Apparently, despite only looking like there’s 3 different flavors, there are 4. And they’re shaped like little footballs, yay! Shape aside, how do these flavors sound to you?:
Lime & Watermelon
Blueberry & Coconut
Honestly, they all sound good to me, with the caveat of blueberry coconut. I’ve never even thought of that combo before, but…it can’t be that bad, right? Before we delve into the eating experience, let’s talk about the “hold up” factor on these. If you look at the bag above, you’ll see some faint evidence of moisture sticking to the clear bag insides. Never a good sign. But to look even closer, check out this close up:
As you can see, some of the foamy/marshmallowy bottoms has melted on the the tops on lots of these. Kinda gross looking, and YES, they traveled across the world, but still…c’mon, Haribo. We know you can do better-I’ve never experienced this before, and ‘ve experienced a lot of Haribo shipped overseas. Honestly though, this doesn’t bother me so much, aside from the annoyance of getting super sticky fingers when handling them. What annoyed me-nay-terrified me, was the experience of eating them.
Wow. Absolutely vile. I don’t know how Haribo managed to make such seemingly good flavors taste offensive, but between myself and the family Guru, no one liked any of them. In fact, Jonny Guru Jr. & Mrs. Guru spat all of theirs out. Not the most winning sign.

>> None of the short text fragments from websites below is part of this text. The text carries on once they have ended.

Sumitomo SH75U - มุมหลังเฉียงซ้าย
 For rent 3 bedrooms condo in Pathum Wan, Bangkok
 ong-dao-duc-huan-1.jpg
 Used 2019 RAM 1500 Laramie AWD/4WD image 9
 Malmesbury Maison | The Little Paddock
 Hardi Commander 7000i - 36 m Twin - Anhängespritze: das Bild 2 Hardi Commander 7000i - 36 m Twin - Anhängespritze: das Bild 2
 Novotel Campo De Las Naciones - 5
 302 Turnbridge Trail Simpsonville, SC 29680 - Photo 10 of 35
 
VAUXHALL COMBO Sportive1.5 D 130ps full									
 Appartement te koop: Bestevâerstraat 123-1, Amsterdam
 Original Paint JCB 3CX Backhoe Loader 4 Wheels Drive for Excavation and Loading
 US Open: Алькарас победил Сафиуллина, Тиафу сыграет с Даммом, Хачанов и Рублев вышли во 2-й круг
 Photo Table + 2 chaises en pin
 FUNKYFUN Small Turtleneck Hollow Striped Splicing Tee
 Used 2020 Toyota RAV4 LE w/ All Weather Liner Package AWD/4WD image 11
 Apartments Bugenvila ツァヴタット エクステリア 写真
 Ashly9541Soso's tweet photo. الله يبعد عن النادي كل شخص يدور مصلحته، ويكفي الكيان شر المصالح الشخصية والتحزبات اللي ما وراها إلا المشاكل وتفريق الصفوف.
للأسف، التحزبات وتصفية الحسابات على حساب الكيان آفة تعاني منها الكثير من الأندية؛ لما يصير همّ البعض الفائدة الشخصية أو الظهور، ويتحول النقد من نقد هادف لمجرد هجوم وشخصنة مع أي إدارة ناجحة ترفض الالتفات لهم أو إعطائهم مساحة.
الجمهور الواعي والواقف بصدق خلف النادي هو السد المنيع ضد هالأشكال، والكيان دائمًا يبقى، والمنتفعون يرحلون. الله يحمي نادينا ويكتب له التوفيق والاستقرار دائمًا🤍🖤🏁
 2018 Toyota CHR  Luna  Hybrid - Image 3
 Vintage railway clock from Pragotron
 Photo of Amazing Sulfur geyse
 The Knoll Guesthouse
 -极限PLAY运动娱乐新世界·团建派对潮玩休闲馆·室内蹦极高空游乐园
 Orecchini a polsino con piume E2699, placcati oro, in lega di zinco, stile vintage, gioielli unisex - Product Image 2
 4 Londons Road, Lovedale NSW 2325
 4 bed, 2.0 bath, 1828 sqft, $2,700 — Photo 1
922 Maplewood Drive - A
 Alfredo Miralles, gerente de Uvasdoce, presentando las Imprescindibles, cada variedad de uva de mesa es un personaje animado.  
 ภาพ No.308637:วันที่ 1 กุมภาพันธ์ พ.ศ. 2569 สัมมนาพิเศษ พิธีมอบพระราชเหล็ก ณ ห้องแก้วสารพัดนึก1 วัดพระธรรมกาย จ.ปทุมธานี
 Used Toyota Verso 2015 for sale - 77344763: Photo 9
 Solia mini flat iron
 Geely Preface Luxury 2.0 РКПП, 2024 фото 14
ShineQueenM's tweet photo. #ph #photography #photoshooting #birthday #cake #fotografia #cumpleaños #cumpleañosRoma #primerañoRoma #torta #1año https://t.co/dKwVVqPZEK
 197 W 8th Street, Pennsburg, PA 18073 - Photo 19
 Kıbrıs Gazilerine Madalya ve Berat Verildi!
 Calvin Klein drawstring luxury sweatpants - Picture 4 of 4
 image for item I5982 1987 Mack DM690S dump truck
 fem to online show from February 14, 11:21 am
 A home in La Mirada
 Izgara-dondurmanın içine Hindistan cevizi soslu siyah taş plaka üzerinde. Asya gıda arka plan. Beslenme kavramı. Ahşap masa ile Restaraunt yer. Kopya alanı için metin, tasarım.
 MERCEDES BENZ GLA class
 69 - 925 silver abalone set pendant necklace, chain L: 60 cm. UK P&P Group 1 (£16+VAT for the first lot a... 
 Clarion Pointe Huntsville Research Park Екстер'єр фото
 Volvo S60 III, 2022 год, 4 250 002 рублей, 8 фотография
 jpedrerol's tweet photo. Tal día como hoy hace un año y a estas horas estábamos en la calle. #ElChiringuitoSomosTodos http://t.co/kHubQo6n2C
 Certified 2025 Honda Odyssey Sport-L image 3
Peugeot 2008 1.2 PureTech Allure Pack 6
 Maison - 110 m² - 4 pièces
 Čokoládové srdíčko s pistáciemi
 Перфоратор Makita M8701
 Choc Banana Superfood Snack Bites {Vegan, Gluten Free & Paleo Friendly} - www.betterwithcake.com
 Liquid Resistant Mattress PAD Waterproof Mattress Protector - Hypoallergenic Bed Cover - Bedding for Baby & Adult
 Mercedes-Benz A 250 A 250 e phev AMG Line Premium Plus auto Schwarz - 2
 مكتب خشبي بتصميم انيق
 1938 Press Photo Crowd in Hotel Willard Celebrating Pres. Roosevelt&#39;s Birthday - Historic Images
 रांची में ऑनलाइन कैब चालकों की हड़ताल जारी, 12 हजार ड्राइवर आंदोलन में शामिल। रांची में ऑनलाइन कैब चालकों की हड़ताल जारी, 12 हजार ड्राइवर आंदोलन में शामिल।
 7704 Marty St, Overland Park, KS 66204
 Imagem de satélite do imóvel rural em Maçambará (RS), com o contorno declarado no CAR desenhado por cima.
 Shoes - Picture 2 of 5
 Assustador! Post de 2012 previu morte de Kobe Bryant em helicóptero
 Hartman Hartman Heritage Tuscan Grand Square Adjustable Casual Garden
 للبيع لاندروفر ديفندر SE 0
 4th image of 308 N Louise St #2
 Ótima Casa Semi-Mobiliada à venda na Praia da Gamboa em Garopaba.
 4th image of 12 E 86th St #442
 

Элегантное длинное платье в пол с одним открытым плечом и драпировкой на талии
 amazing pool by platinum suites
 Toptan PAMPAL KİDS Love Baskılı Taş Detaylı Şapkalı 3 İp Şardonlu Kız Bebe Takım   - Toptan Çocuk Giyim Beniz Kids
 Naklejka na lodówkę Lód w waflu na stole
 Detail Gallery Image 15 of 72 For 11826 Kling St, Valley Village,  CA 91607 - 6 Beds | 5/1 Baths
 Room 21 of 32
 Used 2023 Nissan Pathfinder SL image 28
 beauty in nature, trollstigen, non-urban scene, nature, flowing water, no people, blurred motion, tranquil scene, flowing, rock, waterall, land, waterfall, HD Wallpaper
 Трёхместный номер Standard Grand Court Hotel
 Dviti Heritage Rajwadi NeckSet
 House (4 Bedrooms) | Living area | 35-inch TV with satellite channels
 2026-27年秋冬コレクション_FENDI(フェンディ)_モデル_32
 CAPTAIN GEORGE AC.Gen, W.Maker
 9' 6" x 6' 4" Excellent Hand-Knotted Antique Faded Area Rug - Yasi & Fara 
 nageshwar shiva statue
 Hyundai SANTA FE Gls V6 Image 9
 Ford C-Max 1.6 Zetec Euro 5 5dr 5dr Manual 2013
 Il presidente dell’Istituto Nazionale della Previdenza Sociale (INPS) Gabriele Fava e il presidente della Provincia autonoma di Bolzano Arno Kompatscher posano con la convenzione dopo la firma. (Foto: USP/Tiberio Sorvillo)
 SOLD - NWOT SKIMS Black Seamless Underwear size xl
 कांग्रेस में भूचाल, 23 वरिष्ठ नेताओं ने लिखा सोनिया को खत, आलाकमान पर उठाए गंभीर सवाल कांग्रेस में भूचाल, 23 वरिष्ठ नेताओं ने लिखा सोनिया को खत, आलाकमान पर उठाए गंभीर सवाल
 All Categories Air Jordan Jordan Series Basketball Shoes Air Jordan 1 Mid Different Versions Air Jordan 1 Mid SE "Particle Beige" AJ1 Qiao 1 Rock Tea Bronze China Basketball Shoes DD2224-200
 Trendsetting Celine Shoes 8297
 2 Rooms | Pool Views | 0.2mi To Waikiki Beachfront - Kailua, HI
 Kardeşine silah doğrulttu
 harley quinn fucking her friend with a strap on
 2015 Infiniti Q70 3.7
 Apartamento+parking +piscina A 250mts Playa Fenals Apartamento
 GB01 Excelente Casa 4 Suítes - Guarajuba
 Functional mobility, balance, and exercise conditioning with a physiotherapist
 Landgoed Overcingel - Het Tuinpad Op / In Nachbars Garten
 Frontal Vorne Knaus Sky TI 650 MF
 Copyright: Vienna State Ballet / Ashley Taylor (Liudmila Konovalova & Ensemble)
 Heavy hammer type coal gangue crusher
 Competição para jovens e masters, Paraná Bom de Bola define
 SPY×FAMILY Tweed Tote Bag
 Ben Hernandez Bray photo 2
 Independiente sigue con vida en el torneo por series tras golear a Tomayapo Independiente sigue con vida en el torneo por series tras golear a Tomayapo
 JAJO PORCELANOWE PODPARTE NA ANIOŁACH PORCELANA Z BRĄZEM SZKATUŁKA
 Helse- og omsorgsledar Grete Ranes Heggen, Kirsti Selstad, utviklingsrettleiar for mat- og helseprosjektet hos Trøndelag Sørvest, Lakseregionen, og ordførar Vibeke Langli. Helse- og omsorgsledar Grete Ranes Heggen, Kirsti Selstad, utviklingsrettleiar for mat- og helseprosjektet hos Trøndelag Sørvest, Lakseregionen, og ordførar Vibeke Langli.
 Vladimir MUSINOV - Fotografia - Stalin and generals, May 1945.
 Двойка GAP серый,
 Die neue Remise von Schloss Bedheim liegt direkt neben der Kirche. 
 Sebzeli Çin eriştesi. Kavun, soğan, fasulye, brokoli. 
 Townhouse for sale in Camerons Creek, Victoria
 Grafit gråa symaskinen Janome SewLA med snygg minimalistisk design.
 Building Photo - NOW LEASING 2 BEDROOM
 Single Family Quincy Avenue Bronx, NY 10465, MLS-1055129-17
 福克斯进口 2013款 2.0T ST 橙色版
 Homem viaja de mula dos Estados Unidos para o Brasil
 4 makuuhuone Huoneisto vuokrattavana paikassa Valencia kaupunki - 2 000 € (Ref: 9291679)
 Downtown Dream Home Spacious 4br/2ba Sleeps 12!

To be a bit more fair, most of the flavors were too perfumy and sweet, but not disgusting”. Completely non descript and confusing though-it was impossible to pinpoint the flavor, even though I knew them! The blueberry coconut though? Wow. Never have I hated a coconut candy as much as this. It’s an island fun coconut vibe that’s suddenly overshadowed by…dull sweetness with a weird off additional tropical edge-it just culminated into tasting like a horrid cocktail.
These are bad. Real bad. And while I give Kudos to Haribo for trying to make something timely, they screwed the pooch big time. How about Caipirinha, coconut, and lime as the three flavors? What they delivered was too much, too muddled, and way to gooey.
So put back your Vuvuzela, and eat something else while watching this (I guess) wonderful footie tournament. And don’t hold this against Brazil-sure, they might not be known for their candy- at ALL- but I promise you, they can do better than this.